Bruckner 8 with Lahav Shani

Fr 22 November 2024 • 20.15

PROGRAMME

Anton Bruckner (1824–1896)

Symphony No. 8 in C minor (1887/1890)

• Allegro moderato

• Scherzo: Allegro moderato - Trio: Langsam

• Adagio: Feierlich langsam; doch nicht schleppend

• Finale: Feierlich, nicht schnell

Concert ends at around 22.00

Most recent performance by our orchestra:

Feb 2016, conductor Yannick NézetSéguin

One hour before the start of the concert, Philip Ruitenberg will give an introduction (in Dutch) to the programme, admission €7,50. Tickets are available at the hall, payment by debit card. The introduction is free for Vrienden.

Cover: Photo Guille Pozzi

Crescendo sempre (First movement, five bars before rehearsal mark F): page from the manuscript of Bruckner’s Symphony No. 8 (1890). Coll. Österreichische Nationalbibliothek

Anton Bruckner in his study, around 1892.

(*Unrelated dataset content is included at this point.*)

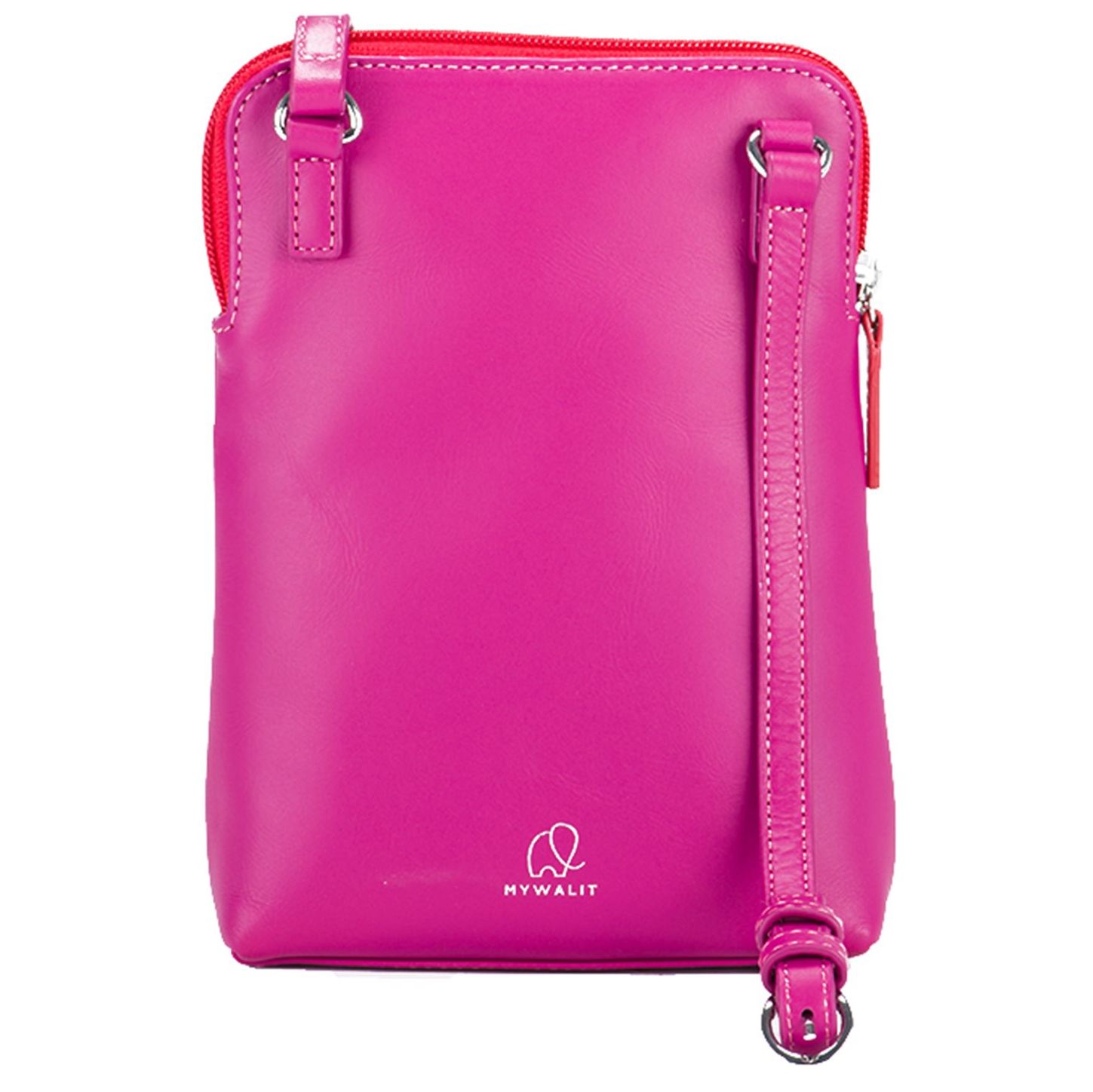 Mywalit Travel Cell Phone Purse sangria multi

Photo Ludwig Grillig, coll. Österreichische Nationalbibliothek

Music for future generations

The life of Anton Bruckner was certainly not carefree. In particular, he experienced immense self-doubt. Great joy could vanish into deep despair whenever he heard any criticism of his music.

Finally he earned recognition: Bruckner can rarely have felt better than after the first performance of his Seventh Symphony. The première in Leipzig was an immediate and huge success; its reprise in Munich was nothing less than a triumph. It must have filled the composer with self-confidence for his Eighth Symphony, on which he had already been working the last two months. On 1 October 1884 he completed the sketch of the first movement; three years later the gargantuan symphony was complete. The greatest work he had ever composed.

Bruckner sent the score to his ‘artistic father’ Hermann Levi, who had conducted the much-lauded second performance of his Seventh. It would have been better had the poor composer not done so. ‘I have studied the work for days on end, but I cannot feel at one with it. I find the instrumentation impossible and what shocks me the most is its similarity to the Seventh’, came the verdict from the Hofkapellmeister.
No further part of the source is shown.